What characterized these earliest machines is that the switching and control functions were handled by vacuum tubes. This feature typifies what is termed the first-generation of computers. EDSAC had one feature that ENIAC lacked. Within the computer was stored the instructions to control the machine and the data to be operated upon. This was the first of the stored program computers. The first commercially available digital computer was the Sperry Rand UNIVAC I. This was sold to the Bureau of the Census and put in place in 1951.

In the late 1950's the bulky and hot vacuum tubes were replaced in computer designs by smaller, more reliable solid state transistors. The use of transistors as the basic component of computer design characterizes what is known as the second generation of computers.

1963 brought about the start of third-generation computers. Solid-logic technology (SLT) enabled the development of the integrated circuit (IC). ICs allowed the placement of as many as 664 transistors, diodes and other associated components on silicon chip less than one eighth of an inch square.

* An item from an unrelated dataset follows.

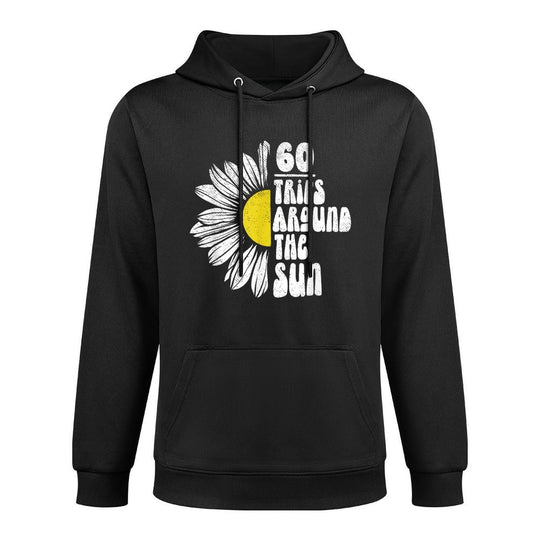 Sixty Trips Around The Sun 60 Year Old Retro 60th Birthday Shape Retention Hoodie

We are now in the midst of the fourth-generation of computers. Characterized by continued miniaturization of circuitry, such developments as large-scale integration (LSI) and very large-scale integration (VLSI) have enabled the current crop of machines to have a level of power and speed that was almost unimaginable 20 years ago.

Now on to the history of the microcomputer. The first commercially available personal computer was the Scelbi-8H that went on sale in March 1974. The machine was designed around the Intel 8008 microprocessor, a less powerful 8-bit design than the later 8080. A machine in kit form with 1K of memory sold for $440.00. About 200 of these machines were sold in kit form and assembled. Half were the Scelbi-8H hobby machines, the rest were Scelbi-8B business computers, which were released in April 1975, having as much as 16K of memory.

The first commercially successful microcomputer was the MITS Altair 8800 designed by Ed Roberts.